Re: Complete disk disaster

2005-08-24 Thread Matty

On Wed, 24 Aug 2005, Stuart Henderson wrote:


--On 24 August 2005 10:37 +0200, Ramiro Aceves wrote:


pciide0:0:1: bus-master DMA error: missing interrupt, status=0x61
wd1a: device timeout reading fsbn 1489200 of 1489200-1489203 (wd1 bn
1489263; cn 1477 tn 7 sn 6), retrying
wd1: soft error (corrected)
wd1(pciide0:0:1): timeout
type: ata
c_bcount: 2048
c_skip: 0
pciide0:0:1: bus-master DMA error: missing interrupt, status=0x61
wd1a: device timeout reading fsbn 1486176 of 1486176-1486179 (wd1 bn
1486239; cn 1474 tn 7 sn 6), retrying
wd1: soft error (corrected)

[etc]

All hard drives have bad blocks, most hard drives now have some spare 
capacity. As the drive detects bad or failing blocks, the spare blocks are 
automatically remapped over the bad blocks. This is internal to the drive - 
by the time you start noticing drive errors, the drive is usually unable to 
remap any more blocks.


smartmontools does a great job of notifying you prior to this occurring. 
When you startup smartd to alert when S.M.A.R.T attributes change, you can 
watch the drive slowly die over time. smartmontools is part of the OpenBSD

ports tree in case you interested in giving it a spin.



Sometimes the manufacturer's drive-test tools can be useful (Hitachi/IBM's 
DFT can do some basic tests on drives from other manufacturers too). There's 
also a commercial program Spinrite which claims to have good stress-tests.




Re: Complete disk disaster

2005-08-23 Thread Alexandre Ratchov
On Mon, Aug 22, 2005 at 03:34:34PM +0200, Ramiro Aceves wrote:
 Hello Friends.
 
 I am new to OpenBSD (but not to Unixes), my experience with this OS is
 only a month. I was getting more an more confortable with the OS, and
 getting in love with it, but today I have experienced a very weird and
 strange thing.
 
 My OpenBSD testing system is installed on the second IDE disk (1GB).
 
 I was enjoying on a happy X-window fluxbox session.

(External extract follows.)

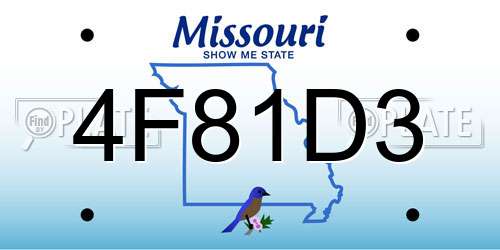 4F81D3 Missouri License Plate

I installed links
 WEB browser package with pkg_add -v ftp://. , as usual. I was
 surfing the net sometime (ppp connection). I stopped the WEB browser and
 opened an xterm window, in order to search for certain man page. I was
 surprised because I could not see any man page! The error was something
 like: /etc/man.conf/ Not a directory. I stopped the X-window session
 and attempted to enter at the console. I was not able to do it. I seemed
 that /etc/ directory suffered some kind of damage.
 
 Login: root
 Aug 22 14:44:42 openbsd-remigio login: cannot stat /etc/login.conf: Not
 a directory
 
 Aug 22 14:44:42 openbsd-remigio passwd: /etc/pwd.db: Not a directory.
 
 Login incorrect
 Login:
 
 
 and so on.
 
 I started thinking that something serious could have happened, but I
 trusted on a reboot. I rebooted the system and it prompted for single
 user mode (I do not know if this is the right word, I called it like
 that on Linux). I ran and #fsck /dev/wd1a and it discovered plenty of
 errors in the /etc/ directory and some other directories. It created a
 lost+found with the found garbage..
 
 After the cleaning, I rebooted again, but the /etc/ directory was wiped out.
 
 Also /var/ directory dissapeared. I have searched for /var/log/*
 information on the lost+found directory but no luck.
 
 Luckyly, this system is only a system for fun. ;-).
 
 What could cause this disaster?
 
 Please, feel free to ask me for any information that you need before I
 wipe the entire disk and install a fresh OpenBSD again.
 

hello, 

The last year a had similar problems because of a bad IDE cable. In few
hours there were randomly corrupted files, but no disk error messages in the
log.

Finally a changed the cable and installed a fresh OpenBSD.

regards,

-- 
Alexandre



Re: Complete disk disaster

2005-08-23 Thread Ramiro Aceves
Alexandre Ratchov wrote:
 On Mon, Aug 22, 2005 at 03:34:34PM +0200, Ramiro Aceves wrote:
 
Hello Friends.

I am new to OpenBSD (but not to Unixes), my experience with this OS is
only a month. I was getting more an more confortable with the OS, and
getting in love with it, but today I have experienced a very weird and
strange thing.

My OpenBSD testing system is installed on the second IDE disk (1GB).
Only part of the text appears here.